主治医から「明日、起きてこれたら神様のプレゼントの一日と思って」と言われ、自宅での介護を開始。当時は介護の情報も少なく、何もかも手探り状態だった。

「介護保険制度ができる前だったので、全て私がやっていました。母が喜ぶことをして1日でも長生きしてもらうことしか考えていませんでした。それはこの数年、母を嫌いになってしまった自分への贖罪だったと思います。母が喜ぶことをしなければならないと勝手に背負い込んでしまい、当時は長期になるなんて想像もしていなかったので、出口が見えないままがむしゃらに突っ走る毎日でした。’00年には介護保険が開始され、主治医から『このままだとあなたが先に死にます』と手続きを勧められました。ただ当時は、私はもちろんケアマネさんもヘルパーさんもみんな初めての経験で、上手に活用できませんでした。やはり人と人なので相性もあり…」

仕事を続けながら2時間おきの痰の吸引、排せつの介助などを行うため、寝る時間が取れない毎日。次第に安藤さんが介護うつに。

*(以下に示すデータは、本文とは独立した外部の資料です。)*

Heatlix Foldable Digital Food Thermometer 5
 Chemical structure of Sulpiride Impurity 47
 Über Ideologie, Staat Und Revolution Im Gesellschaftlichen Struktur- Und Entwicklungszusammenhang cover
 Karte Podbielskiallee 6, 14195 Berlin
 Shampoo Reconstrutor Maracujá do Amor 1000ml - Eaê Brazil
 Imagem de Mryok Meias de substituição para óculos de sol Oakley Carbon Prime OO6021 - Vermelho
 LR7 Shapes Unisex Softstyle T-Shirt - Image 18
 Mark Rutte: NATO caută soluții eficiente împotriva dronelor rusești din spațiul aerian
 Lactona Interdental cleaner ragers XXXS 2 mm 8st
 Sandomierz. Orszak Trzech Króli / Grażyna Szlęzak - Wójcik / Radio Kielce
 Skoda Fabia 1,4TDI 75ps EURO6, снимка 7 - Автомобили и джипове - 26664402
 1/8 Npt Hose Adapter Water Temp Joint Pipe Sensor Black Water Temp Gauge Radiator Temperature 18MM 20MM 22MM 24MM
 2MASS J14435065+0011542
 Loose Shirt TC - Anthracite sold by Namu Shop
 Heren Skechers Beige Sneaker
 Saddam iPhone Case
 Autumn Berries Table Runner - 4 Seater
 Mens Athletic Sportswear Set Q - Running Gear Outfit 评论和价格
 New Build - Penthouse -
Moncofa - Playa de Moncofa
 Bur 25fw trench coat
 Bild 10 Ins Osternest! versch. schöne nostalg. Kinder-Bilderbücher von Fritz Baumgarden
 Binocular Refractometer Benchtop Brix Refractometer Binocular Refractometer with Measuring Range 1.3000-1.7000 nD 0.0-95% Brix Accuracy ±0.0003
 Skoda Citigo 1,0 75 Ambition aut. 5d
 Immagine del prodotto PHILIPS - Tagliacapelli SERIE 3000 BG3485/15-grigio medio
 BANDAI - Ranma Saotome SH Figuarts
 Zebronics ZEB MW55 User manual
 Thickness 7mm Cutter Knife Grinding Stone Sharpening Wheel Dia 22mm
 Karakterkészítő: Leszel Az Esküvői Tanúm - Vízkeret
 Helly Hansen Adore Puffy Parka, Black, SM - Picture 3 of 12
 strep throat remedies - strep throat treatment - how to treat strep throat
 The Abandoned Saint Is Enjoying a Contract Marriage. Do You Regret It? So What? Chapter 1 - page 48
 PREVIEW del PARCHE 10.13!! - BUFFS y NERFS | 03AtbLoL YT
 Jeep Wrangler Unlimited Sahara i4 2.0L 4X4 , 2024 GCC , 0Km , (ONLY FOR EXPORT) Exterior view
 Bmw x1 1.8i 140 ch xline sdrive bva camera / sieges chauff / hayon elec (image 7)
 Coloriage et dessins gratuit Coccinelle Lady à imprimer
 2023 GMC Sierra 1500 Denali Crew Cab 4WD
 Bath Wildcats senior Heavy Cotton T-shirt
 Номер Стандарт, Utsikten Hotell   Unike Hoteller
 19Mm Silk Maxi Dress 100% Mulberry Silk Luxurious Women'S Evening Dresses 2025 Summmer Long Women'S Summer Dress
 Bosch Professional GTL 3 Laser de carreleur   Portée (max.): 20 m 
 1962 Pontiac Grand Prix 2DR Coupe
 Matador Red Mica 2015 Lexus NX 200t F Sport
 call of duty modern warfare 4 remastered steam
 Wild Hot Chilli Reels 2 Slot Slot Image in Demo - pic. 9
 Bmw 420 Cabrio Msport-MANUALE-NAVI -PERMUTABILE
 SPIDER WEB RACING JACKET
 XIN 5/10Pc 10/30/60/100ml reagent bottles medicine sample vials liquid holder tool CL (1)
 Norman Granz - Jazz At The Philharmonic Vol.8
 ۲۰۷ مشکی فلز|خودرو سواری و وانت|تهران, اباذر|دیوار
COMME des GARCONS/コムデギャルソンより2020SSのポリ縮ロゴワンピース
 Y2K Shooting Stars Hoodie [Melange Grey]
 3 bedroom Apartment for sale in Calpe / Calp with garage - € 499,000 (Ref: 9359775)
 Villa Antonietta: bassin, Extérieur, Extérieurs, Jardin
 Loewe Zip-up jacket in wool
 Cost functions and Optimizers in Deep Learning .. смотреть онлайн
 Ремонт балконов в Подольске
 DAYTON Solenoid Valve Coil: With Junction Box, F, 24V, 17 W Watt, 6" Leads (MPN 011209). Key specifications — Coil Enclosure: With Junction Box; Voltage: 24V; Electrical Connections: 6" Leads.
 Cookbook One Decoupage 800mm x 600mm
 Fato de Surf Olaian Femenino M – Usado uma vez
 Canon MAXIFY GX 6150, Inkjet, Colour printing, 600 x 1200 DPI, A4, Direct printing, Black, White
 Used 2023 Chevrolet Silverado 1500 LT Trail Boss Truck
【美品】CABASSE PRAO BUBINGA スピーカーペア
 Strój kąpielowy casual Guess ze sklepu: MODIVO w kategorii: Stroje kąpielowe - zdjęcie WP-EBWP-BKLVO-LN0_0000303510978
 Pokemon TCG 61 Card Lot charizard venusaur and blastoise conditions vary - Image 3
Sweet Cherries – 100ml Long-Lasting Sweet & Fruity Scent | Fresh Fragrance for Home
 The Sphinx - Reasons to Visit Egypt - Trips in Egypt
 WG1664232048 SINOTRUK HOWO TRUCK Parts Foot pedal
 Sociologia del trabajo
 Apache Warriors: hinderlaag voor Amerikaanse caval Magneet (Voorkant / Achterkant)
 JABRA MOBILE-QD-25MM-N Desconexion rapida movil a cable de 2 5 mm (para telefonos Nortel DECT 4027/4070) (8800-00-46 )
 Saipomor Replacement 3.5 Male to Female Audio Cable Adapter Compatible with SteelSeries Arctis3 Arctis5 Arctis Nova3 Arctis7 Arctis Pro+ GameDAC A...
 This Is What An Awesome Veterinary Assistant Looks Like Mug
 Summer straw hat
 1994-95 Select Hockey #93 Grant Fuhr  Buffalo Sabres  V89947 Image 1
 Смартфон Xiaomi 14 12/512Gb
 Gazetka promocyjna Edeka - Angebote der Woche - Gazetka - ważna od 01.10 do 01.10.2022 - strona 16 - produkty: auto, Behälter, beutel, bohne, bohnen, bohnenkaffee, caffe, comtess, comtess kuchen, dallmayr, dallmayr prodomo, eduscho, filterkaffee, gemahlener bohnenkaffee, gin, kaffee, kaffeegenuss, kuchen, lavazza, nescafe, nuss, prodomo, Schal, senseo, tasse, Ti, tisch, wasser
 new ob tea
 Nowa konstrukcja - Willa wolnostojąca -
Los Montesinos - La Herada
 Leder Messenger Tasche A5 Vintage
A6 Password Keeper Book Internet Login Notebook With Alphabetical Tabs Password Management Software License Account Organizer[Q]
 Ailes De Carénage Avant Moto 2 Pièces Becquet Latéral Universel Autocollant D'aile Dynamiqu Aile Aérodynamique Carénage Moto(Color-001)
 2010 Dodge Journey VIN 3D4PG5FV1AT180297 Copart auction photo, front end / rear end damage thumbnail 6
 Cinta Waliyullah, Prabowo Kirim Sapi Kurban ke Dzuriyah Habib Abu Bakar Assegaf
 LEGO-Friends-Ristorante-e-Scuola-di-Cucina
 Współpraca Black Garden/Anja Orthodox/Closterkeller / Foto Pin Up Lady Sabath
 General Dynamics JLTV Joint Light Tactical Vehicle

「最終的に12年介護をしていましたが、後半は蓄積した疲れと慢性的な睡眠不足が重なり、負のスパイラル状態でした。一番つらかったのは、母がトイレに間に合わなかった時、つい『汚い』と口に出てしまったこと。珍しく見せた母の悲しげな顔は忘れられないです。もう自分が情けなくなり、どんどん追い詰められました。もちろん家族も体位交換などは手伝ってくれましたが、さすがに夫や娘に下の世話はさせたくないし、母もされたくなかったはず。だから自分がやらなきゃという気持ちだけで過ごしました。きっと孤独だったんだと思います。介護をして改めて感じたのは、“一人ではない”と気付かせてくれることです。私は心療内科の先生に「つらかったですね」と共感してもらえたことが、唯一の救いでした」

「化粧すると喜んでくれた」と、きれいにお化粧したお母さんと写る安藤さん

94年から始まった介護生活は’06年に終止符を打つことに。

「最期は家族が見守る中、見送ることができました。脳腫瘍で顔がむくんでいたのですが、亡くなったらすっと腫れが引いて見事な美人になって。それを見たら、母は思い残すことなく旅立ったんだと実感できました。」

 母親の年齢に近づき、改めて介護について考えることが増えてきたと安藤さんは言う。

「人の手はどんどん借りたらいいと思います。一人で背負い込む必要はないですから。あと、介護をされる方は心を大切にしてほしいですね。母は最期、話せなかったけど、話し掛けたらまばたきで反応するなど耳は聞こえていました。だから聞こえている、意思があると思って接していただければ。あと、『おばあちゃん』ではなく、名前で呼んであげてください。皆さんが歩んできたバックグラウンドを大切にしてほしいです。やはり人と人なので。介護する人、される人、従事する人、皆さんがそれぞれの人生を尊重できる関係になるといいですね」

安藤和津さんの心を動かしたmessage

この症状でよくここまで一緒に過ごしてこられましたね

「毎日生きていてありがとう」という気持ちで接していたら、母の行動も穏やかになったのですが、やはり意思の疎通はできないことが多く、悩む日々でした。そんな中で心療内科の先生がおっしゃった言葉です。母の病は前頭側頭型認知症と呼ばれ難病指定されているもので、攻撃性が強いんですよ。その症状をきちんと理解してくれた上に、私の気持ちにも寄り添ってくださって。初めて自分を分かってくれる人に出会えたと感じました。